|Former journo speaks at public hearing in favor Mayor's plan|
of moving Fairgrounds flea market out of his neighborhood
Former journalist, current Democratic Party public relations specialist, Colby Sledge stood during the public hearing then representing SNAP and a group called Neighbors for Progress and spoke in favor of the exile of the Expo/flea market out of his neighborhood to Antioch. Never mind the hardship that move might put on the flea market businesses. Never mind that practically every one of those small business owners opposed the lease without respect to the racetrack question. Never mind that as neighbors they may not be allowed to have a say in SNAP's decision making process. Never mind strong Antioch neighborhood opposition.
When the Mayor dropped his Hickory Hollow plan under pubic pressure and had Antioch CM Sam Coleman withdraw the lease bill, Hizzoner prompted a new bill focused exclusively on demolishing the Fairgrounds race track, but permitting the Expo and State Fair only one more year. Sledge did not miss a beat.
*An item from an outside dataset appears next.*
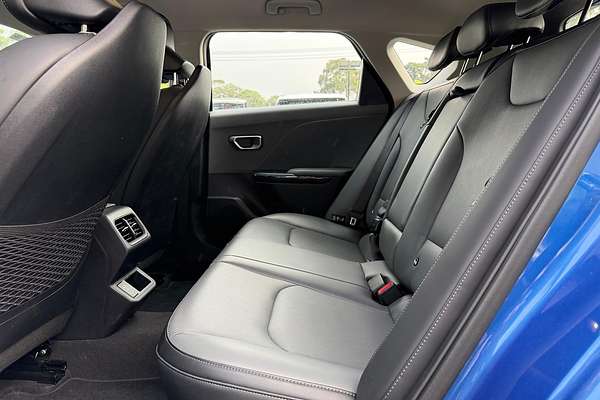 2025 Kia K4 Sport+ CL4m thumb-10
The same guy who stood in front of the council and told them he thought Antioch would benefit from a flea market that his association was so willing to jettison out the backyard, ditched his concerns about the Expo/State Fair and put on a deep green environmentalism, insisting that he supported the Mayor's plan to bring a flood plain park to the Fairgrounds.
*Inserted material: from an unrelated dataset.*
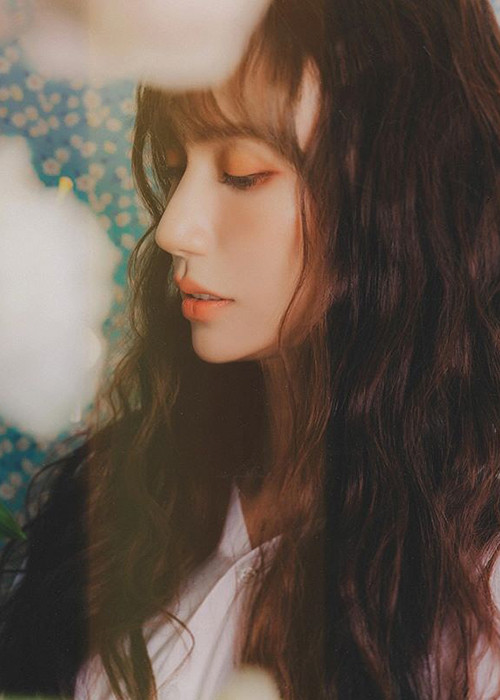 Nữ ca sĩ khoe góc nghiêng đẹp với sống mũi thẳng.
Sledge sent a new message to council via e-mail, which his former co-worker at the Tennessean, Michael Cass seemed enthusiastic to commend to us. The gist of Sledge's message:
I noticed that last night [Dec. 7] the Council passed on second reading a bill to provide for free parking for environmentally friendly vehicles in downtown parking meter zones. I hope that you will show the same support for our environment in your upcoming vote concerning the demolition of the racetrack at the fairgrounds. The racetrack creates air, noise and water pollution — all of which can be not just reduced, but eliminated with the closing of the speedway. Even better, the racetrack would be replaced with a 40-acre park, instantly adding to the public green space available to our residents.The earnestness with which Sledge preached the welfare of Antioch has given way to a rather convenient environmentalism, a rearrangement that reporter Cass failed to note (Cass was in attendance Nov. 16 when Sledge spoke at the public hearing). The departure and dissociation are just too convenient to be believable.
One council member was reported as calling the parking bill the “lowest of low-hanging fruit” for making Nashville a greener city. Reach one branch over, and you’ll find your next opportunity: close the racetrack that pollutes our city, and create a park for our families while restoring a polluted creek that flows into our drinking water.
Again, I do not take issue with organizations choosing their battles but, perhaps to avoid the appearance of opportunism, Sledge should have advocated the park all along and he should have refused to stand against the flea market so publicly. Now watching SNAP not advocate for the flea market, I get the sense they intend to bide their time until Mayor Dean prepares in a few months to dump the Expo and State Fair somewhere else. Then we will see Colby Sledge step forward once again sans environmentalism advocating the need for trendier businesses in what remains of a privatized fairgrounds.
What kind of definition of progress includes eradicating small businesses in a community to make way for either industrial park (the current private zoning), an office park (if rezoned), or chain boutique stores (if rezoned)? What kind of progressivism rips up parking lots just to put more down to accommodate a different set of jobs? SNAP is not even mentioning the possibility of keeping the Expo longer than Mayor Dean's timeline. What kind of progress is it that uproots people under the auspices of shielding others from the noise pollution that many of us wouldn't blame them for wanting to eradicate or at least minimize in the first place?
Because SNAP leaders like Colby Sledge seem willing to treat the fairgrounds with total abandon, because they are likely to throw the baby out with the bathwater, I cannot support them in backing the Mayor's latest initiative. After informing myself about the plans, I am certain of Karl Dean's end game and in my opinion it has little to do with community quality of life, little to do with progress beyond the narrow bounds of maximizing real estate, little to do with environmentalism or preservation of history. While I do not support keeping the racetrack in and of itself, I fear that abdicating to obliteration will mean one less barrier to running off the Expo and the State Fair, one less obstacle to parceling out what's left to private interests who will be much less obligated to the community than the courthouse is supposed to be.
I can choose either to support Colby Sledge's neighborhood and watch the Mayor sell off 100 acres of parkland while developing only parts he has to as green space or to oppose his neighborhood and hope that every acre will remain Metro park land to be developed as such some future day. To me it is the second cause that is the best one, even if by no means perfect.
That said, I'm willing to support SNAP to get race enthusiasts to make accommodations to support the quality of life. But I cannot go any further until they guarantee support for the businesses already at their doorstep. I'm not willing to advocate taking race enthusiasts out of the equation and thus freeing the Mayor to do whatever he wills to the Fairgrounds, which belongs to all of us in this county.